Information shown |
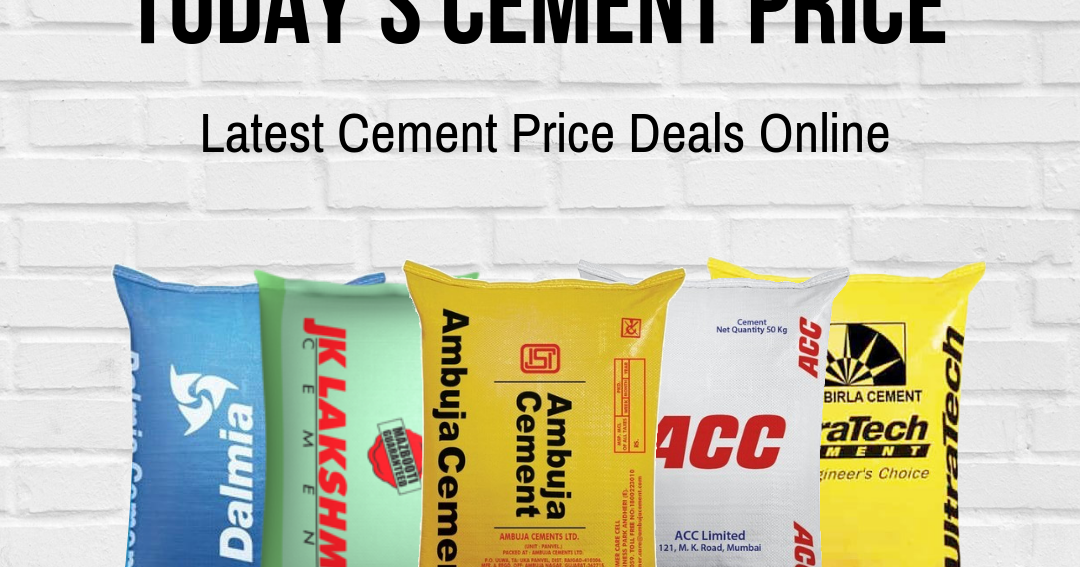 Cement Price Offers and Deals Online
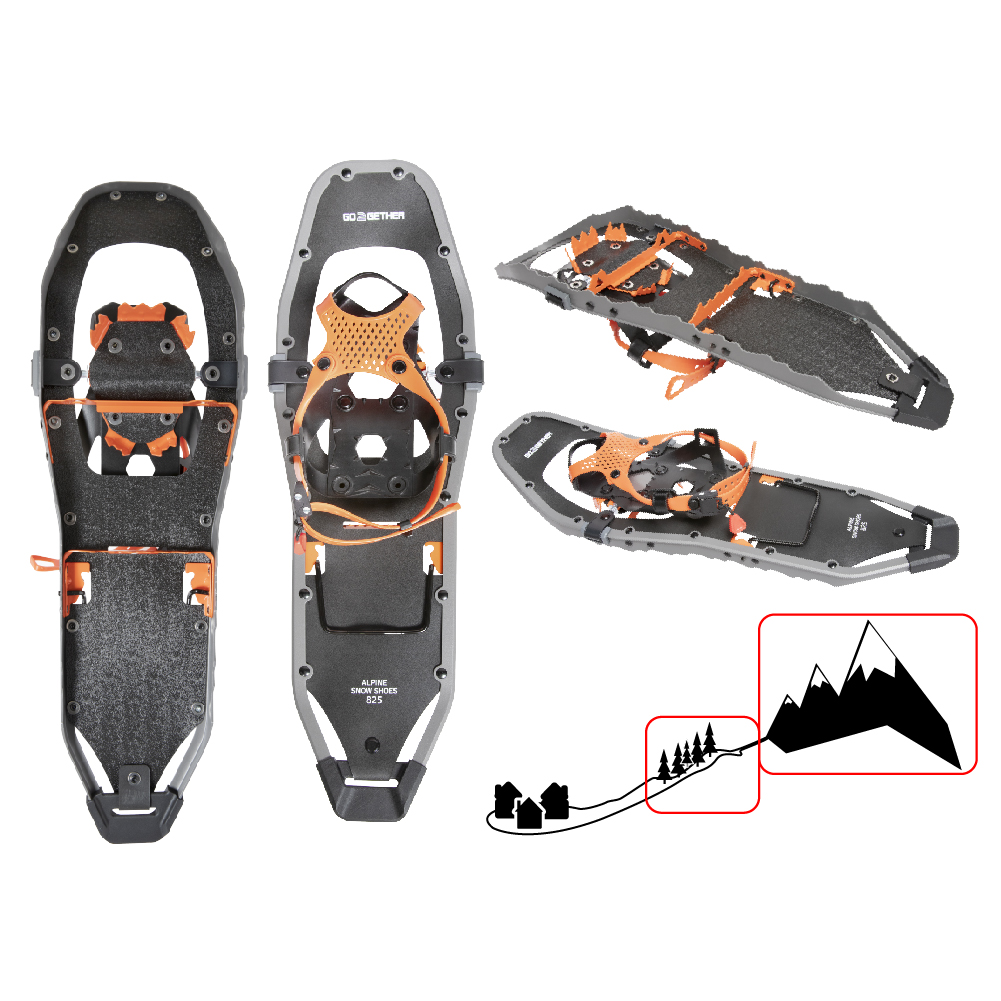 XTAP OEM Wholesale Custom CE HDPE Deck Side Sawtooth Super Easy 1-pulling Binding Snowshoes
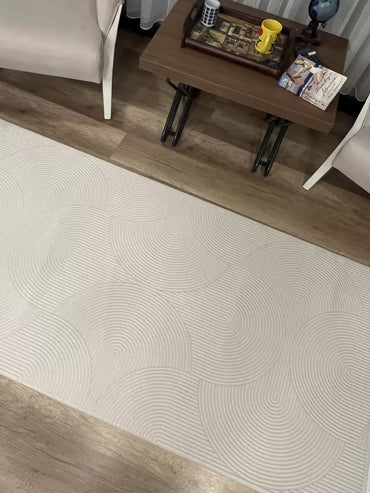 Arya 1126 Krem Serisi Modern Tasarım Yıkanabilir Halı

Assignment | Extract the run of lines from the line holding "XTAP OEM Wholesale" through the final line of the material above, exactly and inclusively. Leave the pictures behind.

Expected answer |
 XTAP OEM Wholesale Custom CE HDPE Deck Side Sawtooth Super Easy 1-pulling Binding Snowshoes
 Arya 1126 Krem Serisi Modern Tasarım Yıkanabilir Halı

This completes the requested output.